Un grande atrio: la “camera calda” per le ambulanze; si superano due porte scorrevoli per accedere ad un’ampia sala d’attesa. Le sedie occupate sono tante, poche quelle libere, fatta eccezione di uno stanzone dove ci sono le macchinette del caffè: lì è vuoto. È il nuovo pronto soccorso dell’ospedale di Varese. Gente che entra ed esce in continuazione. Anche alle 20.
Il fatto che un infermiere sia stato aggredito non è ancora girato di bocca in bocca tra chi attende. In tanti guardano, qualcuno sbuffa, c’è chi telefona. Non occorre fare domande quando dalla tasca esce il taccuino e la biro. E la fila, dal triage, si sposta. Attacca un giovane che sogghigna, ma in modo isterico. “Mio padre è su quel lettino dalle 2 di questo pomeriggio, mi hanno detto che ha un codice verde, ma le pare normale?”. È il turno di una donna bionda e minuta; anche in questo caso, niente nome, solo parole, e tante. «Dico, ma può un uomo di ottanta e passa anni non venir visitato da un medico perché ha un codice verde? Ha avuto problemi oggi, in passato un aneurisma, ma nulla: è un codice verde, mi hanno detto: deve aspettare».
Fuori, nella camera calda, la processione continua: una ragazza “rimbalzata” – dice la madre – questa mattina da Cittiglio che finalmente viene dimessa e se ne va con le stampelle seduta sui sedili posteriori di una familiare. Si avvicinano in due, anche loro codici verdi: uno alto, occhiali e codino, sui cinquant’anni “Sono un architetto e ho visto i bagni: ma lo sa che oggi due persone sono rimaste chiuse dentro? Se gli fosse venuto un malore, chi le avrebbe soccorse?”; l’altro cerca il padre: «Sono ore che se lo sono portato via, dietro la tenda, e non so più che fine ha fatto!».
In tanti stanno là, dietro la tenda appunto: è un separé verde, che si trova dietro il bancone del triage e separa la zona di arrivo dalle sale del pronto soccorso vero e proprio. Sembra ricavato da un telo da sala operatoria coi buchi nella parte superiore per farci passare uno spago che lo tiene su. Ogni tanto si apre per far passare un’infermiera dal camice giallo. Spesso rimane aperto e si intravedono un’anziana sdraiata su un lettino e poco distante un uomo seduto che si tiene un panno sul naso. Anche loro sono codici verdi, che aspettano: una lastra, una firma su un referto, o forse il ricovero.
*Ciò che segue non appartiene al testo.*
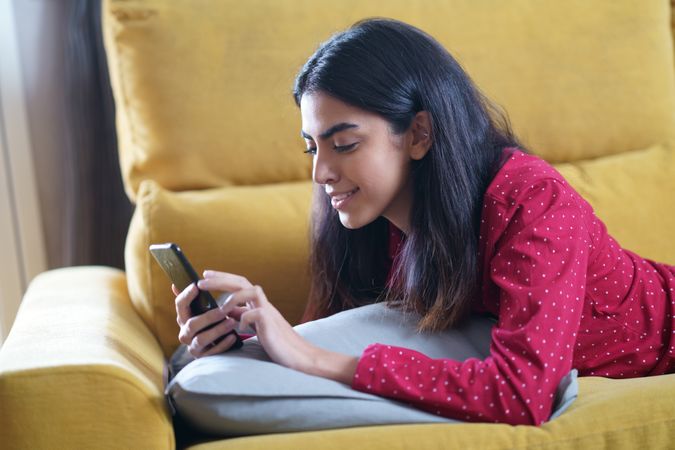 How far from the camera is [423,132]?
127cm

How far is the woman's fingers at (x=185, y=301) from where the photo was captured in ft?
3.91

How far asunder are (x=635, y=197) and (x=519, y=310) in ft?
2.30

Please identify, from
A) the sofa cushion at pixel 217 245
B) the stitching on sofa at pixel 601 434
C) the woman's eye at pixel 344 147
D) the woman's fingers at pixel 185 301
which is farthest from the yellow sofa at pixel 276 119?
the stitching on sofa at pixel 601 434

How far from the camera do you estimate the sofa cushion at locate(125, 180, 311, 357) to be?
1590mm

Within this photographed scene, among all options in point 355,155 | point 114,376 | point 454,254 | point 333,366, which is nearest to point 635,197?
point 454,254

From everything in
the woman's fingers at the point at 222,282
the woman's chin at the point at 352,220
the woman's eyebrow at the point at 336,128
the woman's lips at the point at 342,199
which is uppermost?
the woman's eyebrow at the point at 336,128

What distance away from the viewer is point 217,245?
1.60 metres

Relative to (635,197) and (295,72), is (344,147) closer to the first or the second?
(295,72)

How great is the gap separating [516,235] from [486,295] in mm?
154

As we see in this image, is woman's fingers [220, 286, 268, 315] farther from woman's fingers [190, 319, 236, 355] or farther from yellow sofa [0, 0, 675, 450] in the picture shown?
yellow sofa [0, 0, 675, 450]

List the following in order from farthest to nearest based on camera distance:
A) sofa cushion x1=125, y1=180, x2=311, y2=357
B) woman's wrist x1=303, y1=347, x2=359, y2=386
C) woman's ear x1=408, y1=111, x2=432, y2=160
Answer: sofa cushion x1=125, y1=180, x2=311, y2=357 < woman's ear x1=408, y1=111, x2=432, y2=160 < woman's wrist x1=303, y1=347, x2=359, y2=386

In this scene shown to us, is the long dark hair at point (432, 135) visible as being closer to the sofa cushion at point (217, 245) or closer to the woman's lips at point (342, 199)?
the woman's lips at point (342, 199)

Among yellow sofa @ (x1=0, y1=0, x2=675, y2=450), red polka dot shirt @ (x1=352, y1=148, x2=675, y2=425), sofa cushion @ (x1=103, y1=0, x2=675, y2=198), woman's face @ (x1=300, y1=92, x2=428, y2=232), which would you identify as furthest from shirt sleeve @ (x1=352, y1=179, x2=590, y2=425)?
sofa cushion @ (x1=103, y1=0, x2=675, y2=198)

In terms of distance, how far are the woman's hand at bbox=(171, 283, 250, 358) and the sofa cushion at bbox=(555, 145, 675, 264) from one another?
805mm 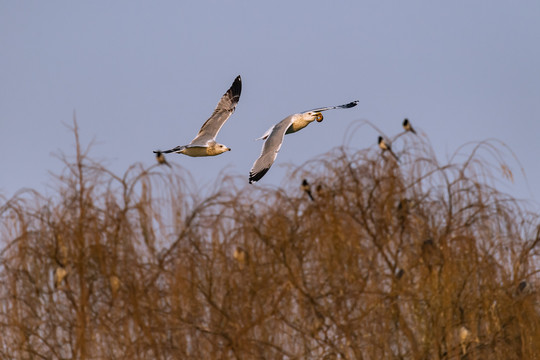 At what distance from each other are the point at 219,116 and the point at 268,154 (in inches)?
79.8

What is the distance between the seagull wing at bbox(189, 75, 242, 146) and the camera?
40.6 ft

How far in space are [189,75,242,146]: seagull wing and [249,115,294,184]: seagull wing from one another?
3.87 ft

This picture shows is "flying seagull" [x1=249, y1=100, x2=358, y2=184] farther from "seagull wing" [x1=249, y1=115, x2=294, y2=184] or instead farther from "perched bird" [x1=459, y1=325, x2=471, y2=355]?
"perched bird" [x1=459, y1=325, x2=471, y2=355]

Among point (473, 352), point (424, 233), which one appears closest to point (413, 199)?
point (424, 233)

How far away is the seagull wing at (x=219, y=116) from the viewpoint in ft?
40.6

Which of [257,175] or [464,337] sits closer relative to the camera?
[464,337]

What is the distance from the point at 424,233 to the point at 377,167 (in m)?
0.73

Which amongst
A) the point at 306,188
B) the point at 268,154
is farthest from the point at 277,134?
the point at 306,188

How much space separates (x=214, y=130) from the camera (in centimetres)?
1259

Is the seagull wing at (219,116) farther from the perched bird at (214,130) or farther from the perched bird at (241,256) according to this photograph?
the perched bird at (241,256)

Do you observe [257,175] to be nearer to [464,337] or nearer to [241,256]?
[241,256]

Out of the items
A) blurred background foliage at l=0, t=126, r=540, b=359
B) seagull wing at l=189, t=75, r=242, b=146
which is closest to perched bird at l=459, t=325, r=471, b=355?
blurred background foliage at l=0, t=126, r=540, b=359

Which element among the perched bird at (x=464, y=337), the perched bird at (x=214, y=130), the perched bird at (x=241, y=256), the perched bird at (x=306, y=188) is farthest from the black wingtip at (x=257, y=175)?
the perched bird at (x=464, y=337)

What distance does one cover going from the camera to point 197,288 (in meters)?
8.05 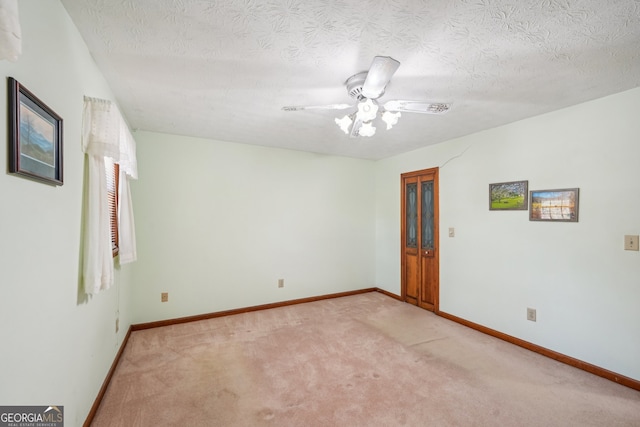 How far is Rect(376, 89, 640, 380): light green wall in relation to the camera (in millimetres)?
2143

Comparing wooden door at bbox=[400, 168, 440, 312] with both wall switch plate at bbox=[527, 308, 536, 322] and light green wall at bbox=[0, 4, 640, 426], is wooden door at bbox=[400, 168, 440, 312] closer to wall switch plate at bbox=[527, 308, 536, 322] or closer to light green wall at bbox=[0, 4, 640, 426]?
light green wall at bbox=[0, 4, 640, 426]

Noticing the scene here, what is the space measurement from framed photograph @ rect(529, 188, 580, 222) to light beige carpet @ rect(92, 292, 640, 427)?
132 cm

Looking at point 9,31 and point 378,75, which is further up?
point 378,75

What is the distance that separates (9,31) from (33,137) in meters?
0.49

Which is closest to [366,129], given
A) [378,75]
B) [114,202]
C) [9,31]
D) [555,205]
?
[378,75]

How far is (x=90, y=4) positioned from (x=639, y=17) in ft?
8.74

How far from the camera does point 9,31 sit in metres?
0.68

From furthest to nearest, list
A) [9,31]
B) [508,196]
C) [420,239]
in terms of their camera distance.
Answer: [420,239]
[508,196]
[9,31]

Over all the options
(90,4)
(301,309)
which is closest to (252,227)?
(301,309)

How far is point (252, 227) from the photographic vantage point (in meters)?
3.74

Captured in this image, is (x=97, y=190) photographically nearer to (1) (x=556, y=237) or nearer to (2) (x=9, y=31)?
(2) (x=9, y=31)

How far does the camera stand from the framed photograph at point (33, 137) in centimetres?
90

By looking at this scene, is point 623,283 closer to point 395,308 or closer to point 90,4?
point 395,308

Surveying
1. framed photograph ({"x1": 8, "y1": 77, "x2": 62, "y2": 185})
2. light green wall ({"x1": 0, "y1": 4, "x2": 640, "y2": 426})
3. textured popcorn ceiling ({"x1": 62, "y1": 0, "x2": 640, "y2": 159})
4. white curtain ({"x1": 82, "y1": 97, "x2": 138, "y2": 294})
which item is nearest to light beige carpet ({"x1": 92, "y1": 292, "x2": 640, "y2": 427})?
light green wall ({"x1": 0, "y1": 4, "x2": 640, "y2": 426}) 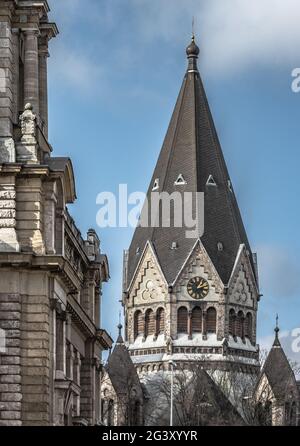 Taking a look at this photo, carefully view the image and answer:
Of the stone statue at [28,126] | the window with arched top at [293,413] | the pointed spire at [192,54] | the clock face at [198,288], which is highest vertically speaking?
the pointed spire at [192,54]

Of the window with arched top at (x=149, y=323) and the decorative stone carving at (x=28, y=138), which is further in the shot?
the window with arched top at (x=149, y=323)

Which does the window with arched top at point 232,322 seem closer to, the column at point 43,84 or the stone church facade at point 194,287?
the stone church facade at point 194,287

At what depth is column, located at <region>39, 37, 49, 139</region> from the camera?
175 ft

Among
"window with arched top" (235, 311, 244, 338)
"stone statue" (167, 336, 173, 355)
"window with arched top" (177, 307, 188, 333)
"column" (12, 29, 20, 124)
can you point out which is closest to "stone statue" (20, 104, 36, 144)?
"column" (12, 29, 20, 124)

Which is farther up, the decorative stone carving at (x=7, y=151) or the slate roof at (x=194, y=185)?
the slate roof at (x=194, y=185)

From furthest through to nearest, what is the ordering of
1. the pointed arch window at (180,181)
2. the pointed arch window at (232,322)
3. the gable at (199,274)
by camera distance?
the pointed arch window at (232,322) < the pointed arch window at (180,181) < the gable at (199,274)

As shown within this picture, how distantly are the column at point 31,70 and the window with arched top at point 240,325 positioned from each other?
79.0 metres

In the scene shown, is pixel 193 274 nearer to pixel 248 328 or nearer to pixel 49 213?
pixel 248 328

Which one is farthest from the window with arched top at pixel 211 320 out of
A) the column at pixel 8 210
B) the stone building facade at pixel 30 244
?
the column at pixel 8 210

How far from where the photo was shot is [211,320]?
127562 mm

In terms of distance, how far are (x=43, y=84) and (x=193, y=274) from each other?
243 feet

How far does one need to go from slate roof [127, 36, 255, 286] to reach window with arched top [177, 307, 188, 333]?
8.20 ft

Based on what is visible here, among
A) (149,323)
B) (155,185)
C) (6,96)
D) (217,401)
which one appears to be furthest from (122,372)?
(6,96)

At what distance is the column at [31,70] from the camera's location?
51000mm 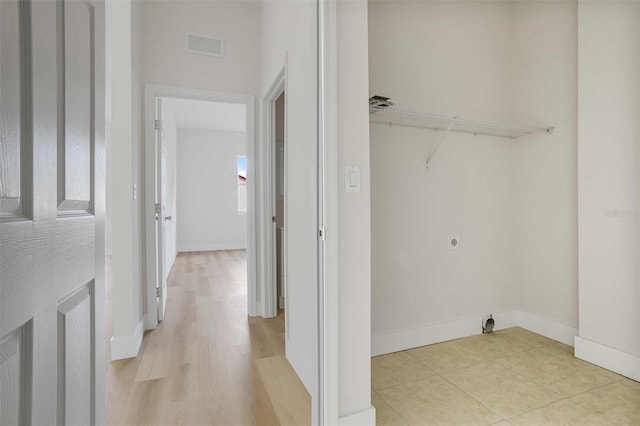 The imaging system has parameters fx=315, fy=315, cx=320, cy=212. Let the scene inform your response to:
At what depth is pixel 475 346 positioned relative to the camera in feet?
7.76

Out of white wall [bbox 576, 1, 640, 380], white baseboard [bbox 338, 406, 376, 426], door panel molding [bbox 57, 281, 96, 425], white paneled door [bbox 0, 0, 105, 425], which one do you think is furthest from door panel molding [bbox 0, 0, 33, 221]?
white wall [bbox 576, 1, 640, 380]

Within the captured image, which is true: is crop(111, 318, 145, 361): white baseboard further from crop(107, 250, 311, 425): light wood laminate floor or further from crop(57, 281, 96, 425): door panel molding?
crop(57, 281, 96, 425): door panel molding

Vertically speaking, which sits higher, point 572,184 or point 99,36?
point 99,36

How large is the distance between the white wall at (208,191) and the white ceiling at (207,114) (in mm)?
341

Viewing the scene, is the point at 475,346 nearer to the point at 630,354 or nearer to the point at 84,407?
the point at 630,354

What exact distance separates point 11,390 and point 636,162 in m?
2.88

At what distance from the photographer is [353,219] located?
57.7 inches

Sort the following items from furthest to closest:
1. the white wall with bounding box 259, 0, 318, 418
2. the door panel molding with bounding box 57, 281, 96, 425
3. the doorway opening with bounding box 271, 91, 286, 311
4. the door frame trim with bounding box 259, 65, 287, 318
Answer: the doorway opening with bounding box 271, 91, 286, 311, the door frame trim with bounding box 259, 65, 287, 318, the white wall with bounding box 259, 0, 318, 418, the door panel molding with bounding box 57, 281, 96, 425

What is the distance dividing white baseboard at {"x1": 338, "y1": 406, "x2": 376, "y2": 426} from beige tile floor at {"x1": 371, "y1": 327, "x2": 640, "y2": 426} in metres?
0.13

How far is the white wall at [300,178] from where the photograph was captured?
1537 mm

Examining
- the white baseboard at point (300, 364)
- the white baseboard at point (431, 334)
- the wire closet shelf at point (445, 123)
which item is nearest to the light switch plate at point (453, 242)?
the white baseboard at point (431, 334)

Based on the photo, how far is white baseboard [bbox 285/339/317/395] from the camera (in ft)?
5.92

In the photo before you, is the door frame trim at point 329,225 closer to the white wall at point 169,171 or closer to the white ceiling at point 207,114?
the white wall at point 169,171

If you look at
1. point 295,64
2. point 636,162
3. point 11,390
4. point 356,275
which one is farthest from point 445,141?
point 11,390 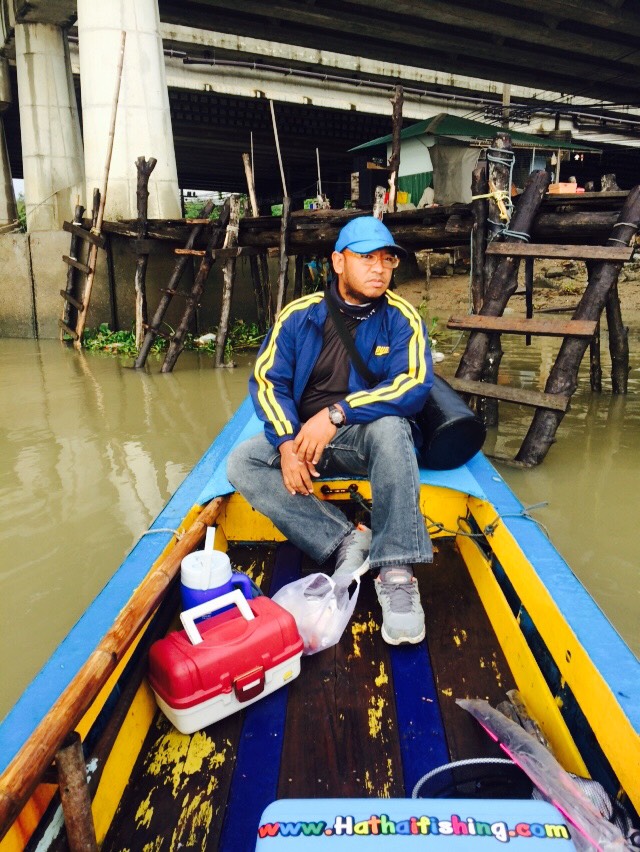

Il problema principale, parlando con gli infermieri, è costituito dalla mole di lavoro prodotta da persone che non stanno bene, hanno un problema e si recano al pronto soccorso: fin qui tutto normale. Ma quando poi i sanitari verificano che la prestazione dovuta non è urgente, o addirittura deve essere fornita in altra struttura (che spesso gli utenti non trovano, o non conoscono), tocca aspettare. Il lavoro viene intervallato dalle urgenze, dagli arrivi delle persone gravi che raggiungono il pronto soccorso con mezzi propri o con l’ambulanza. Un via vai mostruoso che difficilmente si ferma. I turni di lavoro degli infermieri di ps sono di 8 ore: 6-14, 14-22, 22-6. Può capitare che in un turno come quello di giovedì, chi prende servizio alle 6 veda passare dal ps più di 100 persone: tutte da prendere in consegna, valutare e visitare assieme al medico, che stabilisce le priorità, stila diagnosi e prende i parametri. Un lavoro delicato e massacrante, che in molti, in pronto soccorso, affermano di riuscire a fare con difficoltà.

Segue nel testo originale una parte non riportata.